The research, initially funded by the US Air Force Research Laboratory and published open access in the journal PNAS, may also give scientists greater insight into the pursuit behaviours of other predatory species – in the air, in water, or on the ground. Principal investigator Professor Graham Taylor, of the Oxford Flight Group in Oxford University’s Department of Zoology, said: ‘Falcons are classic aerial predators, synonymous with agility and speed. Our GPS tracks and on-board videos show how peregrine falcons intercept moving targets that don’t want to be caught. Remarkably, it turns out that they do this in a similar way to most guided missiles. Our next step is to apply this research to designing a new kind of visually guided drone, able to remove rogue drones safely from the vicinity of airports, prisons and other no-fly zones.’
The Oxford researchers used miniature GPS receivers to track peregrines attacking dummy targets thrown by a falconer or towed by a drone and were able to apply a mathematical simulation to these movements describing the dynamics of the guidance system used in intercepting the dummy prey.
The researchers collected on-board video giving a falcon’s-eye view of the attacks and used this to back up their conclusions.
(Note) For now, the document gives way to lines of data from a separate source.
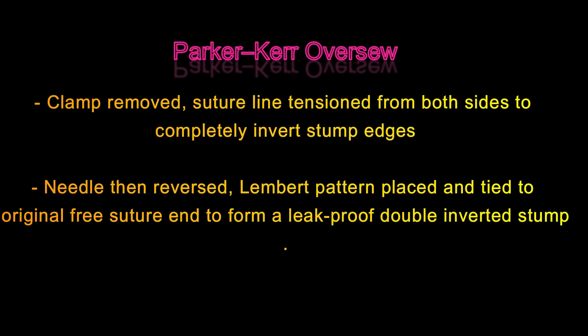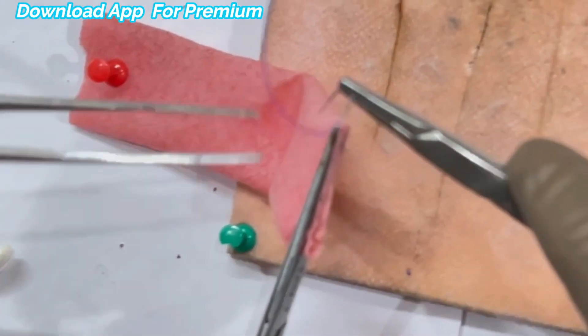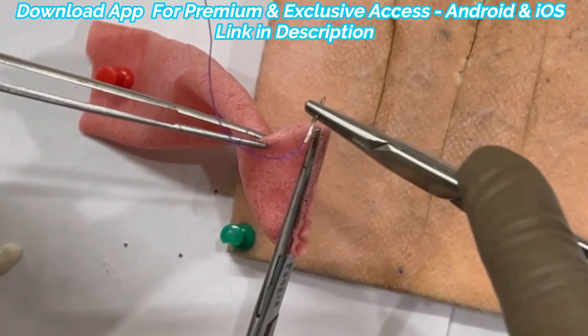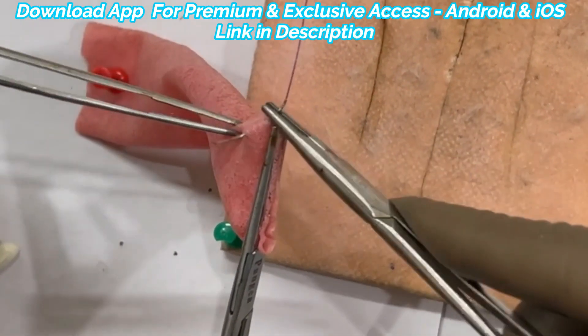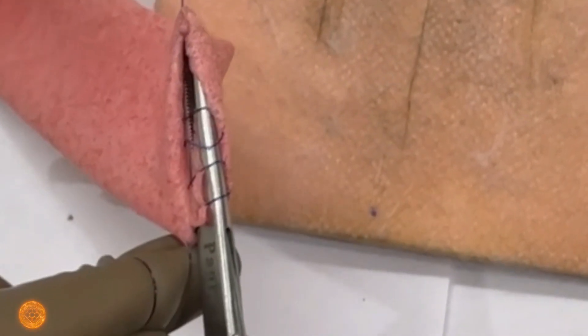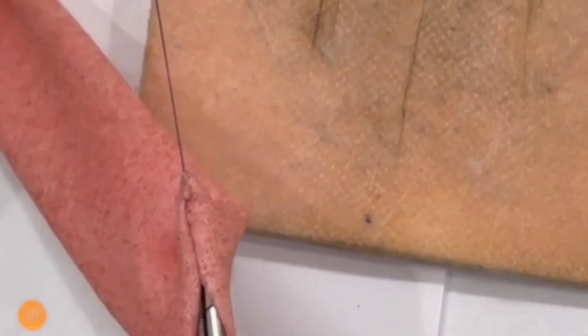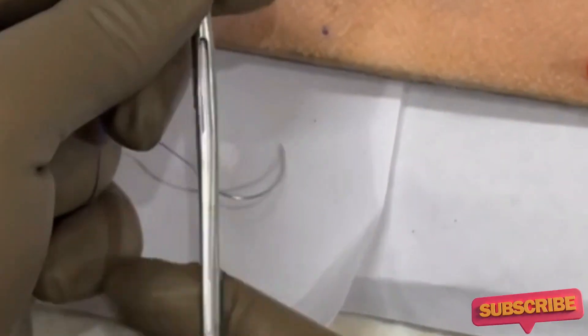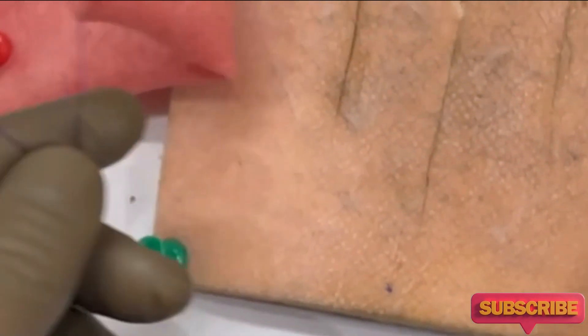When you reach the other end, you start tightening the thread — as you will understand better in the practical demonstration. We start exactly on one side, three to four millimeters from the cut margin. After loosening the clamp and slowly pulling it back, see how beautifully it has inverted.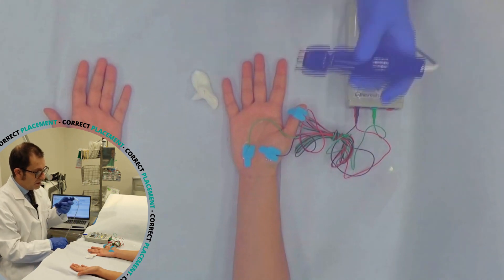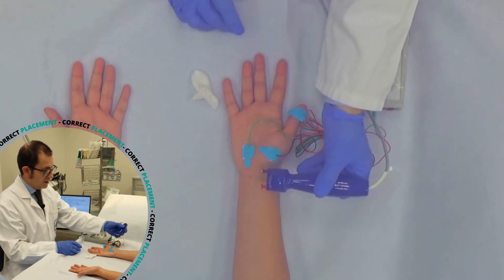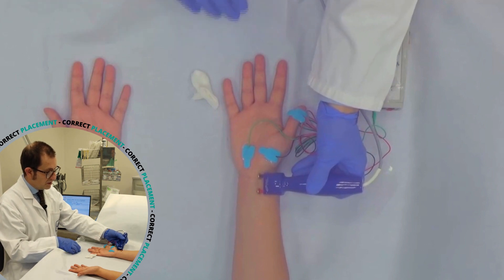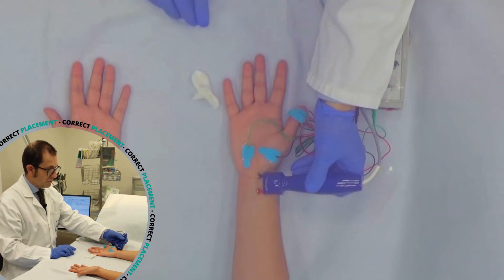In this way, I can show you that stimulating here at the wrist, we can record a motor response from the hand.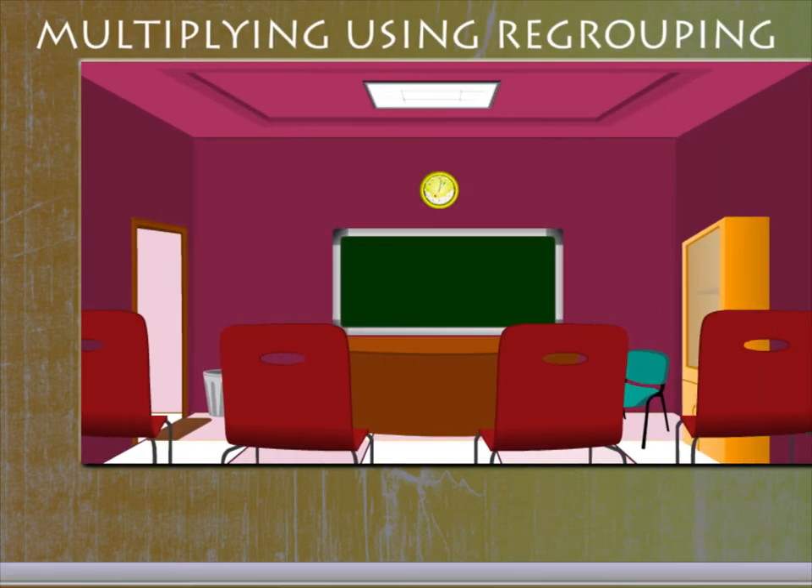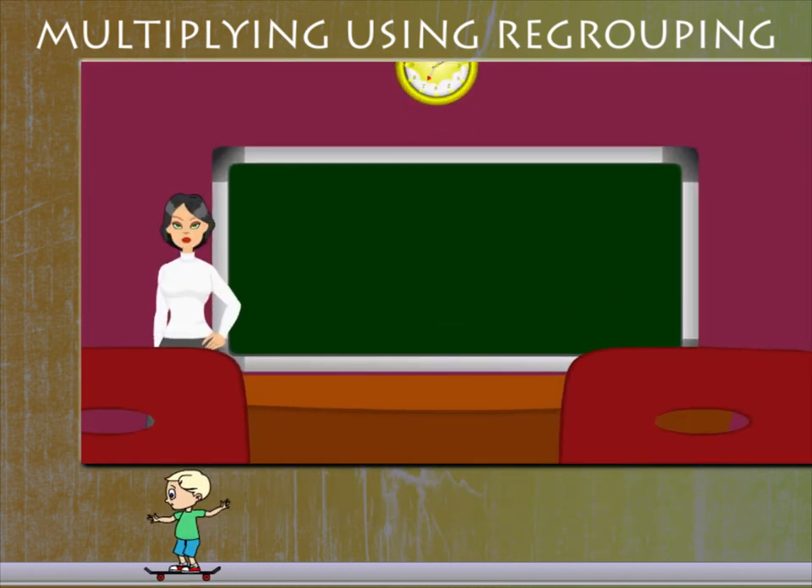Multiplying Using Regrouping. Teacher Lucy is here with a bang. She has a question on the board.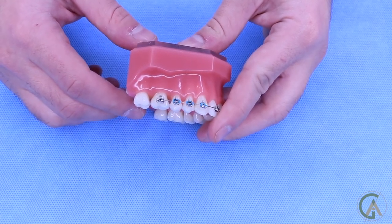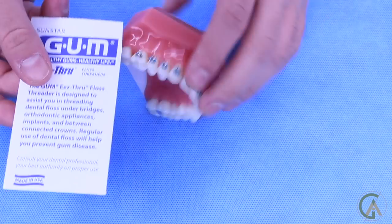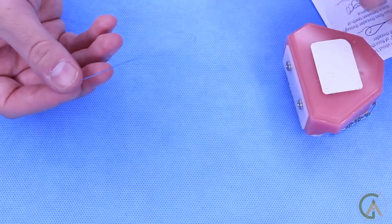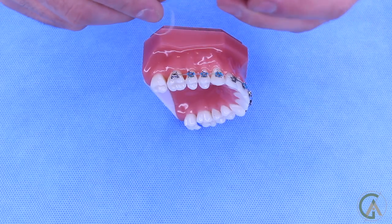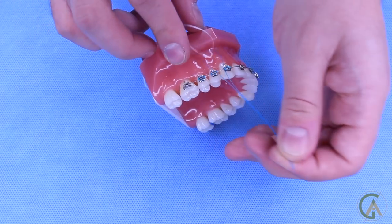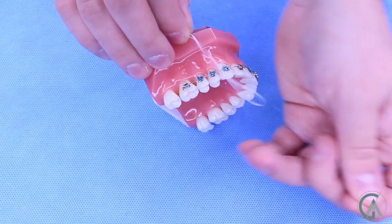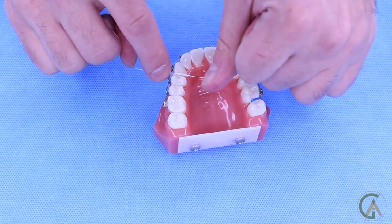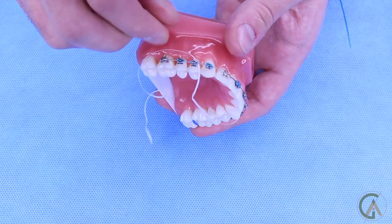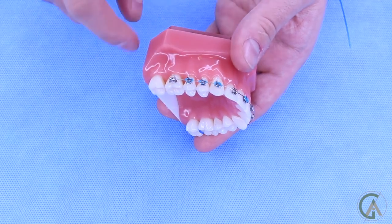Now that you have braces on, it's really hard to get that wire between the contact, so let's look at some of the tools that have been developed. All the tools I mention today will be linked in the description. The first product is the threader that helps you get the floss around the braces. The threaders come in packs like this. You run the floss through the threader, then put it in between the brackets. Hold on to one side of the floss and you have the floss under the wire, and you can floss your teeth just like I showed you.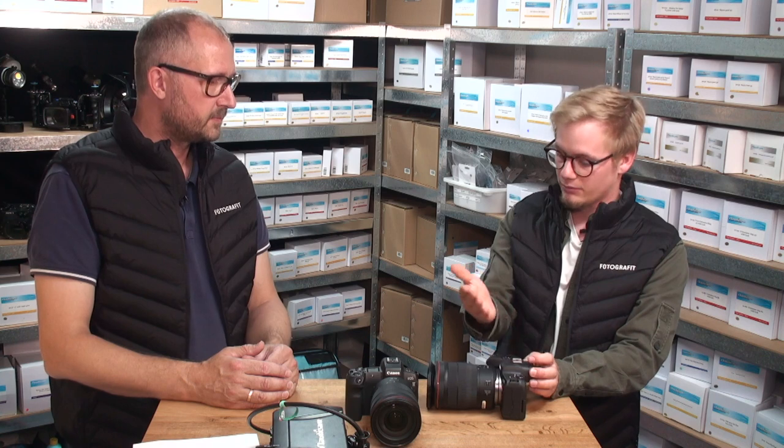For macro, critical focus accuracy is especially important. With the mirrorless system, focus is determined at the image sensor level rather than using a separate AF sensor — Nico finds he gets far fewer out-of-focus shots with the R system compared to DSLRs. This on-sensor phase-detect AF should be particularly beneficial for underwater macro photography.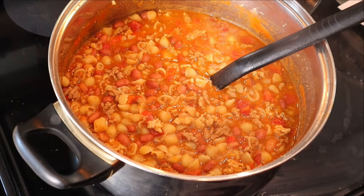With the pan over high heat, bring everything to a boil — it's already starting. Once boiling, reduce the heat, cover, and simmer for about 12 minutes.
They found that the terminal attack trajectories of peregrines follow the same law – known as proportional navigation (PN) – used by visually guided missiles, but with a tuning appropriate to their lower flight speed. This method does not require any information on a target’s speed or distance, instead relying simply on information about the rotation of the attacker’s line of sight to the target.
The researchers conclude that PN guidance optimised for low flight speeds could find use in small, visually guided drones designed to remove other drones from protected airspace. Recent publicity has revealed the growing problem of drones flying drugs and mobile phones into prisons, and of drones being flown in the vicinity of airports.
Co-author Dr Caroline Brighton, from Oxford’s Department of Zoology, said: ‘We spent four field seasons flying falcons in the Welsh hills, working with an experienced falconer and a qualified drone pilot. It was very exciting to study these sleek, formidable aerial predators, and to watch them as they chased down our manoeuvring lure towed behind a small remote-controlled airplane – then, through our computer modelling, to reveal the secret of their attack strategy.’